[Work to be completed]: Print exactly the lines that run from the one containing "FRIGG Little Viking" to the final line of the data, both included, and print none of the pictures.

Short web captions:
....................

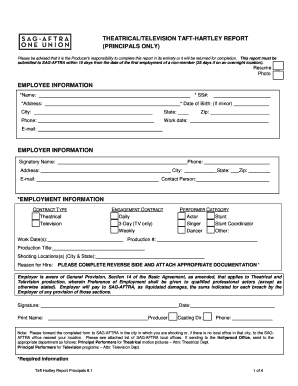 THEATRICALTELEVISION TAFT HARTLEY REPORT PRINCIPALS ONLY  Form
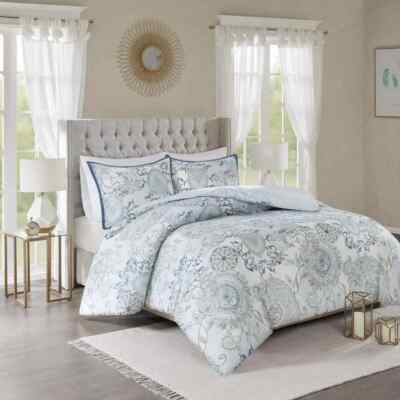 MADISON PARK ISLA 3PIECES REVERSIBLE DUVET COVER SET SIZE FULL/QUEEN NIP-image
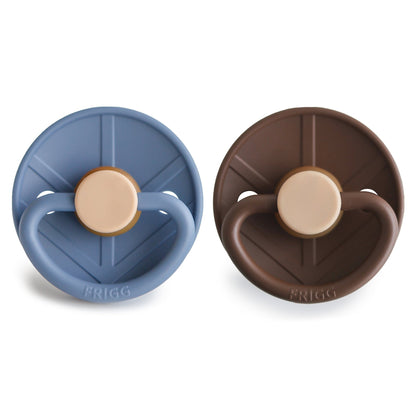 FRIGG Little Viking Natural Rubber Pacifier 2 - Pack - Tenth &amp; Pine - Pacifiers &amp; Teethers - 6 - 18 months - Cocoa/Olive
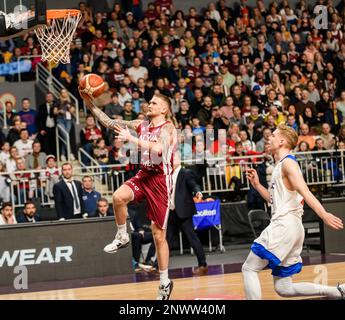 RIGA, LETTONIE. 27th février 2023. Lettonie contre Grèce, match de qualification de la coupe du monde de basket-ball de la FIBA. Banque D'Images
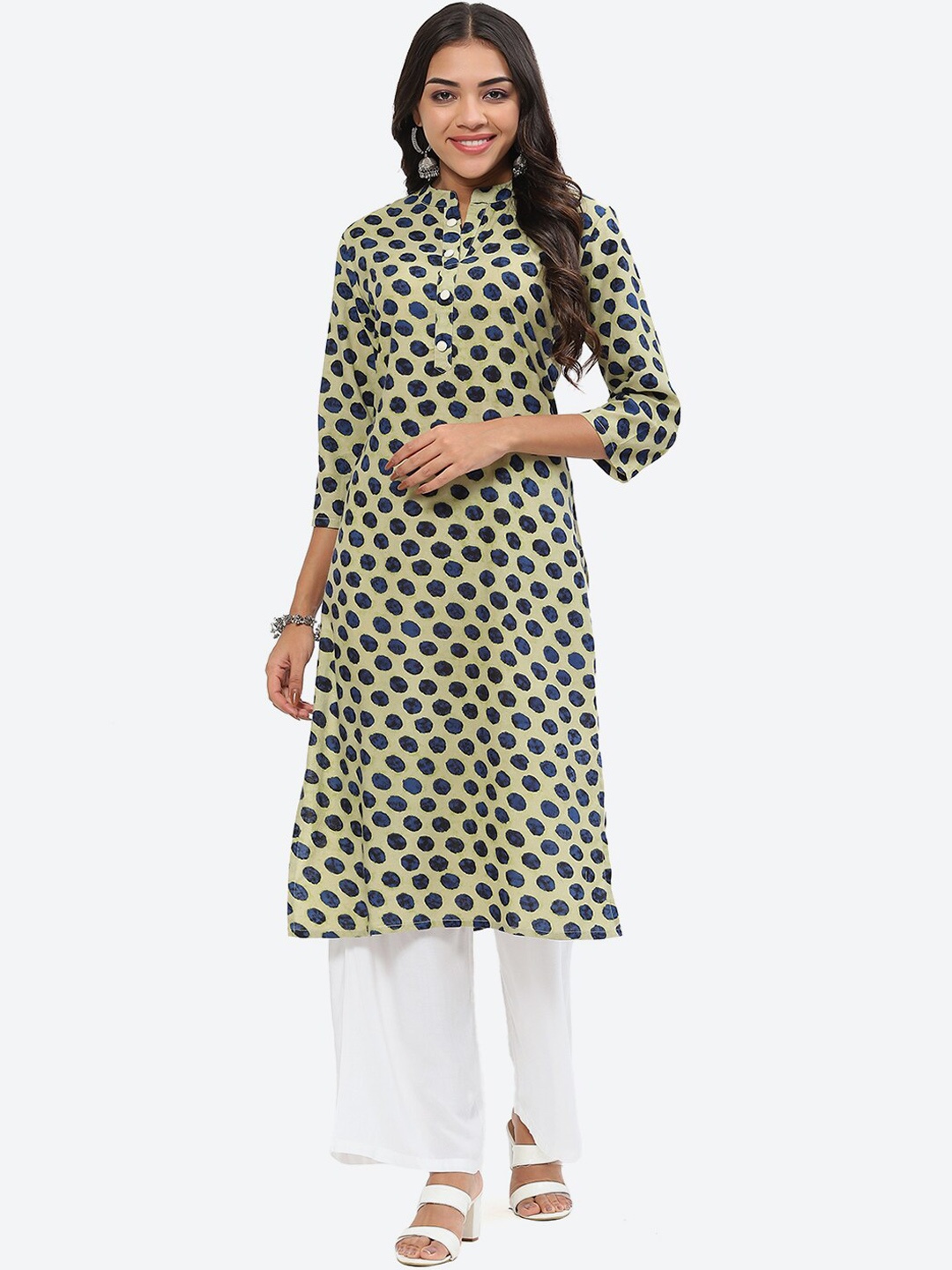 

Kurti's by Menka Geometric Printed Mandarin Collar Straight Kurta, Beige
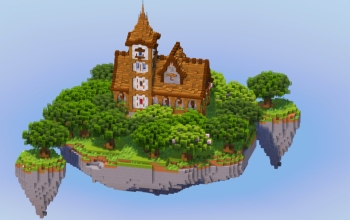 Medieval Town Hall on Floating Island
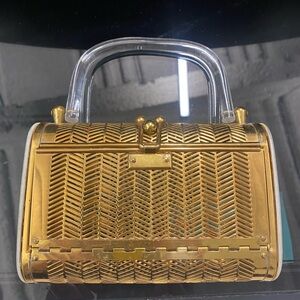 Metal basket woven Box Purse Bag Vintage 1930's Bakelite sides. Lucite handle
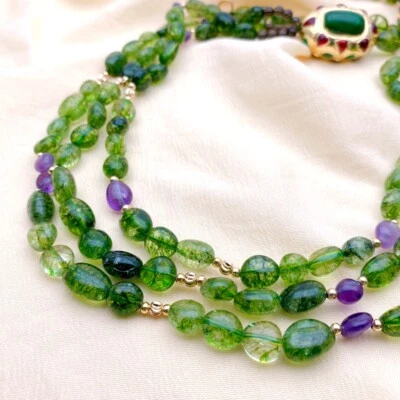 Collar largo de 3 hebras de cristal verde amathsyt cuarzo ahumado verde japonés 27" Foto 1 de 4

....................

[Finished exercise]:
 FRIGG Little Viking Natural Rubber Pacifier 2 - Pack - Tenth &amp; Pine - Pacifiers &amp; Teethers - 6 - 18 months - Cocoa/Olive
 RIGA, LETTONIE. 27th février 2023. Lettonie contre Grèce, match de qualification de la coupe du monde de basket-ball de la FIBA. Banque D'Images

Kurti's by Menka Geometric Printed Mandarin Collar Straight Kurta, Beige
 Medieval Town Hall on Floating Island
 Metal basket woven Box Purse Bag Vintage 1930's Bakelite sides. Lucite handle
 Collar largo de 3 hebras de cristal verde amathsyt cuarzo ahumado verde japonés 27" Foto 1 de 4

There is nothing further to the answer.